◆ INSTRUCTIONS FOR THE TASK ◆
Every line of the material that includes the word "Para" is to be shown.

◆ THE RECORDS ◆

════

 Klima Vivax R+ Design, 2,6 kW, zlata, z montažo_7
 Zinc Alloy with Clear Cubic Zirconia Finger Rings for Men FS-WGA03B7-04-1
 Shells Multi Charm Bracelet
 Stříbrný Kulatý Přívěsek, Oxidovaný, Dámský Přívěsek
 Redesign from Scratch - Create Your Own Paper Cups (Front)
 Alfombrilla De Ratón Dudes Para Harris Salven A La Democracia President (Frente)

════

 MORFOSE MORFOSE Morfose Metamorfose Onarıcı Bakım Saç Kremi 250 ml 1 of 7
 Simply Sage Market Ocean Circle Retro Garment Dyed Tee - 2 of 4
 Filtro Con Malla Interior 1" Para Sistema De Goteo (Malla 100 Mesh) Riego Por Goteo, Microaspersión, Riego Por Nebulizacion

════

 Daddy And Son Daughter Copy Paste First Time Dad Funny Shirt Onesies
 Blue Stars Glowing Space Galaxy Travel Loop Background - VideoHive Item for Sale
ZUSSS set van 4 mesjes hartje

════

◆ ANSWER BOX ◆
 Alfombrilla De Ratón Dudes Para Harris Salven A La Democracia President (Frente)
 Filtro Con Malla Interior 1" Para Sistema De Goteo (Malla 100 Mesh) Riego Por Goteo, Microaspersión, Riego Por Nebulizacion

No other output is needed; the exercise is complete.